MapPoint served not only to display maps, particularly within other applications such as Microsoft Office, but allowed businesses and developers to use the maps to overlay proprietary information on top of them, in a sort of a GIS hybrid. Streets and Trips offered locally installed versions of area street maps, along with at one time an ever increasing set of peripheral information, including campgrounds, state and national parks, gas stations, landmarks, casinos, amusement parks, and more.

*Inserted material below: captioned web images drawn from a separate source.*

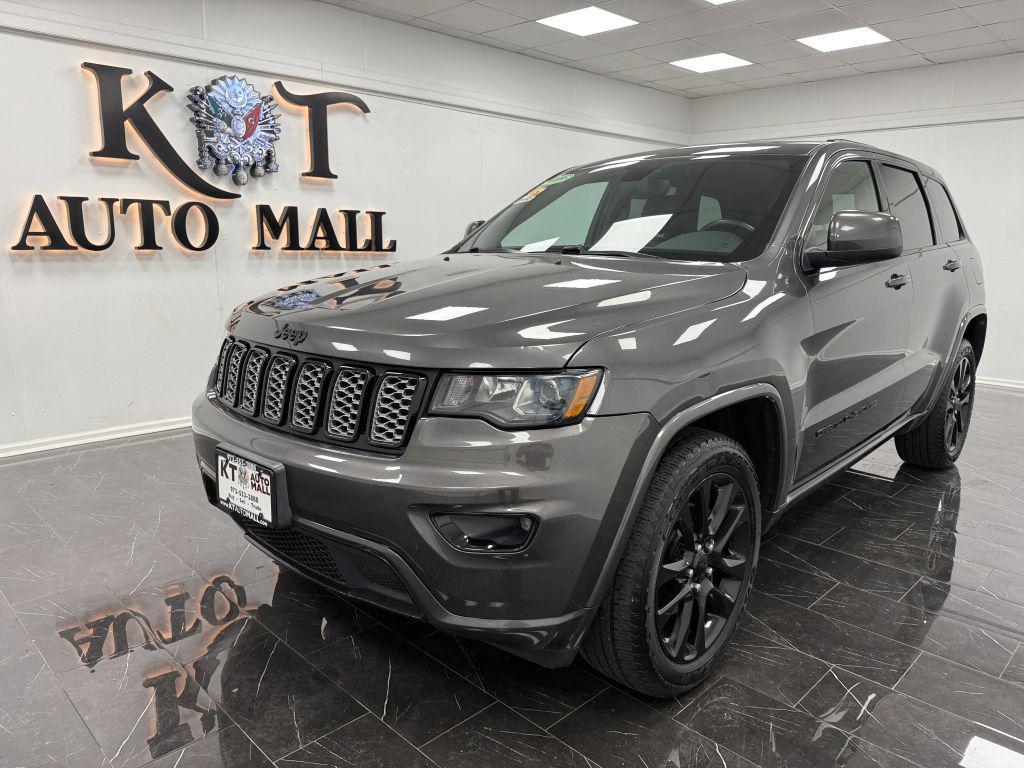 used 2018 Jeep Grand Cherokee car, priced at $12,995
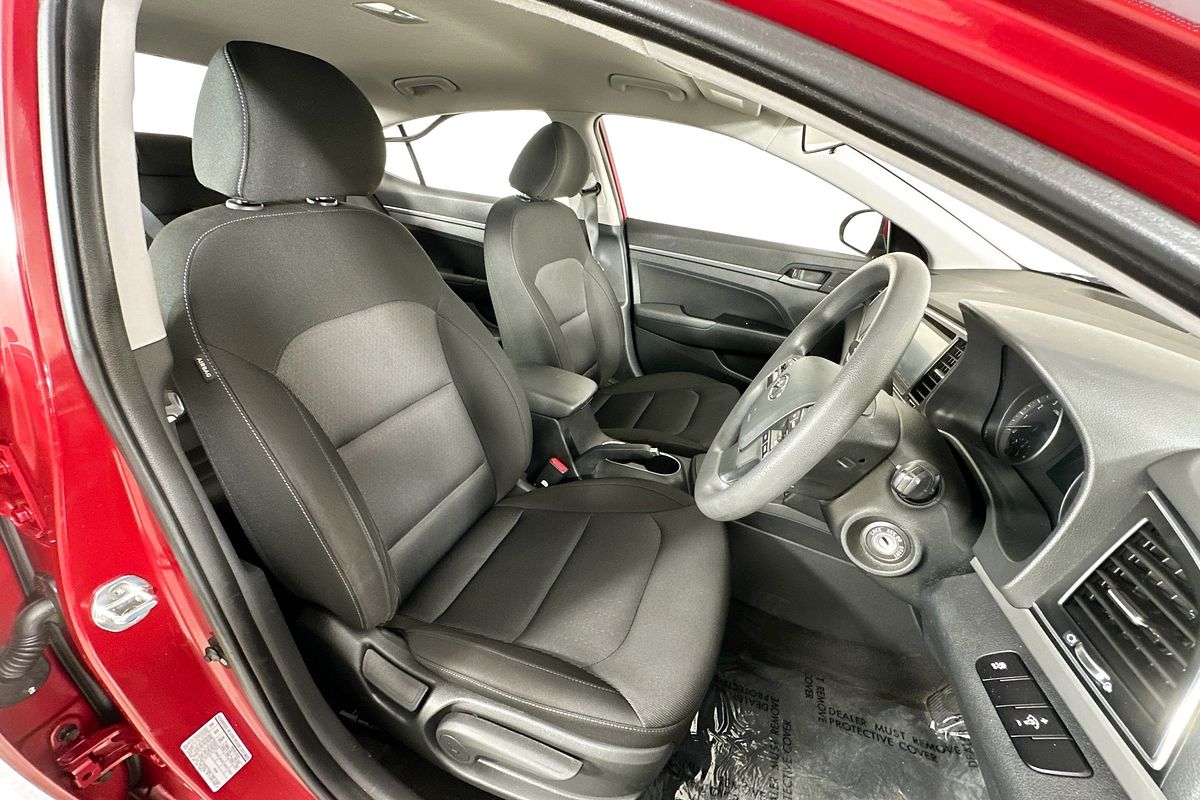 2018 Hyundai ELANTRA ACTIVE 2.0 MPI AD MY18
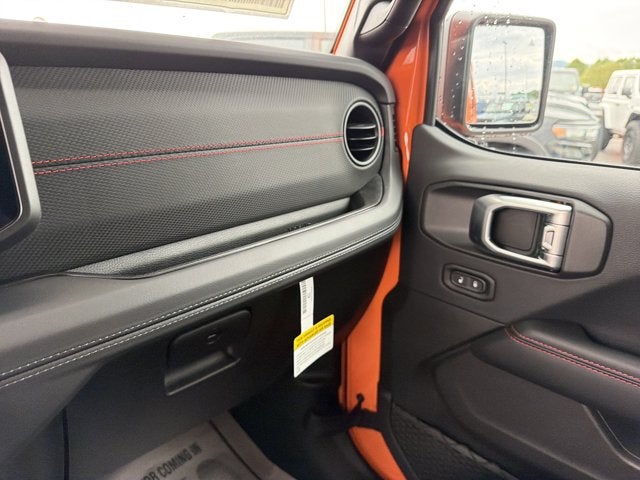 2027 Jeep Wrangler Rubicon X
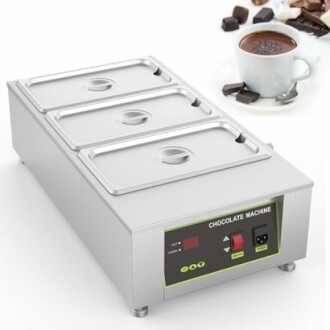 Elektrische Chocoladesmeltmachine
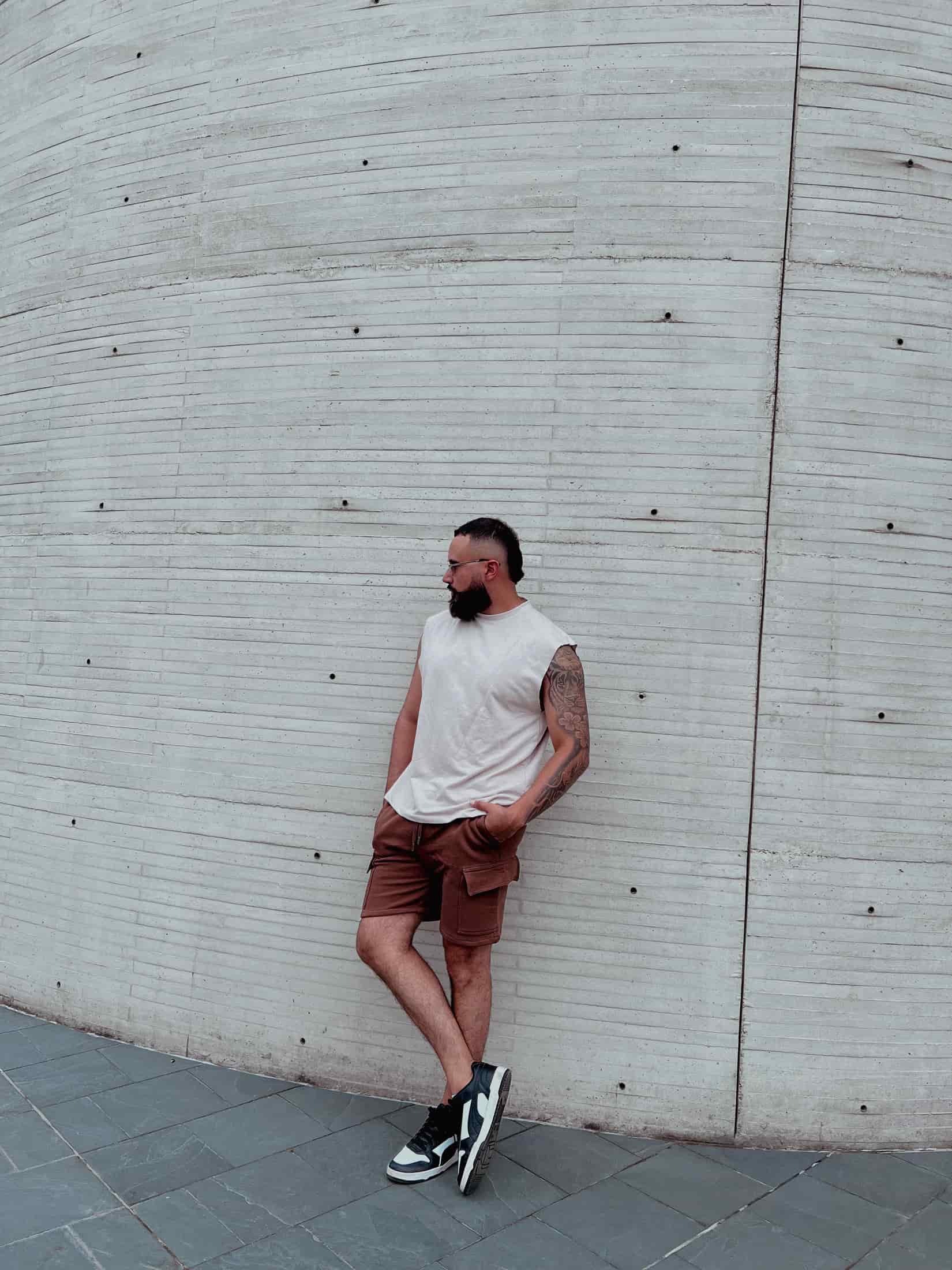 Cargo Short Brown - miniatura 5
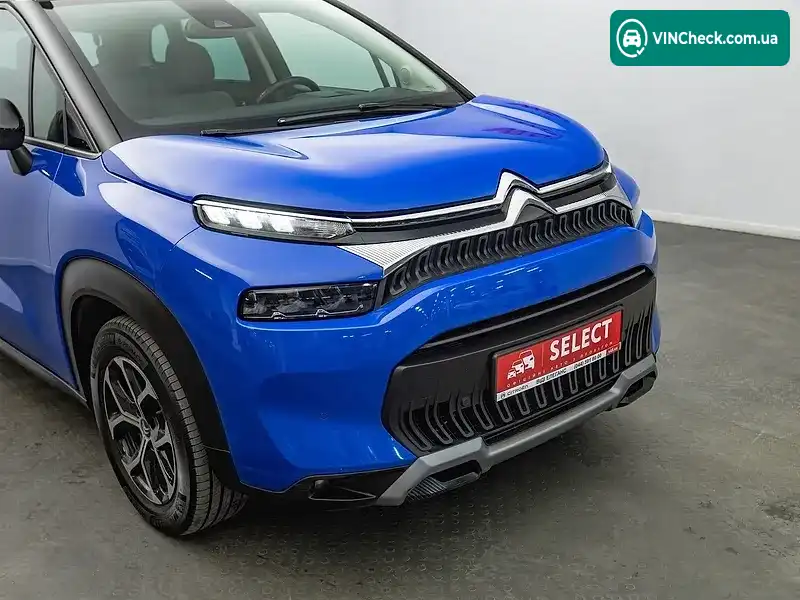 Citroen C3 Aircross 2021, фото з оголошення 2 з 20, VIN VF72CYHX1M4344437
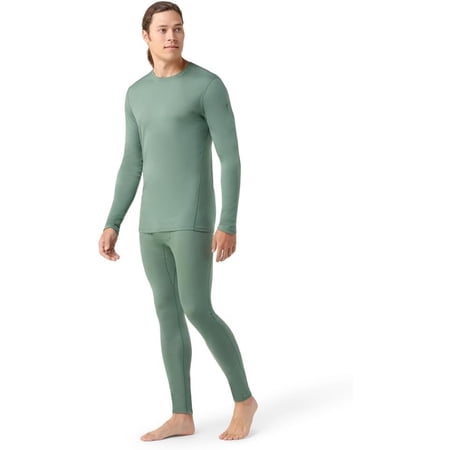 Smartwool Classic All-Season Merino Base Layer - Men's Sage, M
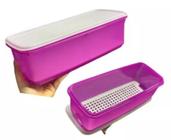 Tupperware Super Caixa Amora 4,3 Litros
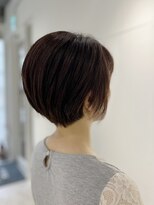 カリーナヘア(Carina Hair)&nbsp;丸みショートでまとまる美シルエット♪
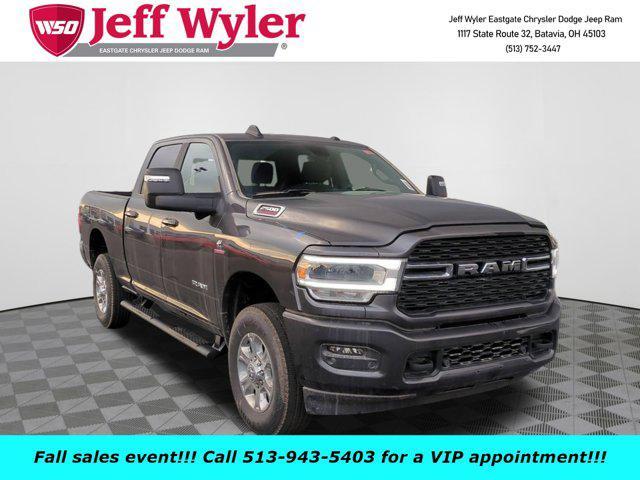 new 2024 Ram 2500 car, priced at $65,594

Microsoft is suggesting that current users switch to Bing Maps, and that MapPoint users can use PowerBI for Excel for data visualization, and the Bing Maps API and SDKs for custom development. But while most users stopped using either MapPoint or Streets & Trips long ago (and to be honest, most probably switched to the more feature complete Google Maps products, even though professional use of them is no longer free), users, both current and future, are going to have to scramble to make Bing Maps work for them.
Probably the most glaring omission with Bing Maps is the inability to download maps for offline use, and that opens up the Bing Maps / Nokia HERE Maps can of worms, as HERE Maps includes an download for offline component while Bing Maps doesn’t. When Microsoft, with then CEO Steve Ballmer at the helm, sought to acquire Nokia, the initial plan was for HERE Maps to be included in the deal. That ended up not being the case however, and some reports have Microsoft’s Board, who were not convinced of the wisdom of the Nokia deal to begin with, as axing the maps part of the deal. In March of this year, The Times of India reported that both Satya Nadella and Bill Gates were against the Nokia deal, but Ballmer insisted, and tried to get HERE Maps, too:
Ballmer’s initial plan was to acquire Nokia’s handset business as well as its mapping unit. In the end, though, Microsoft only acquired the mobile division, and only licensed the Here Maps from Nokia. The Microsoft Board reportedly rejected the first deal as too expensive and complex, including not only the handset division but also a mapping unit Microsoft didn’t need.
Still, Microsoft laid out plans for the continued use of HERE Maps in the Investor Relations call presented at the Nokia acquisition announcement, in September 2013:
What still remains unclear, however, is how Microsoft plans to consolidate Bing Maps (which uses, among others, Nokia provided information but lays its own interface on top) with HERE Maps, which up until now have been a somewhat confusing element of Nokia branded Windows Phones (and which according to the slide above, Microsoft owns “rights equivalent to ownership”). Are Microsoft users supposed to use Bing Maps, or HERE Maps? For users of Streets & Trips (and admittedly, that’s not many users), the choice is fairly simple: in order to continue to have offline access to maps, they need to choose HERE instead of Bing Maps, in contrast to what Microsoft proposes.
It’s pretty simple: Microsoft needs one mapping service brand, connected to all of its consumer facing devices and services, offering a full set of features all under one roof. Anything less than that is too confusing. If we take Microsoft’s decision to shut down MapPoint and Streets & Trips as an effort at consolidation, then that’s certainly a good first step in solving the branding. Stephen Elop promised as early as January of 2012, that “across all the Microsoft properties including Bing maps, more and more work will be done by Nokia”. Of course this was well before the acquisition by Microsoft of Nokia’s phones businesses, but the fact remains that here we are, close to three years later, and Microsoft’s map branding remains almost as murky as ever.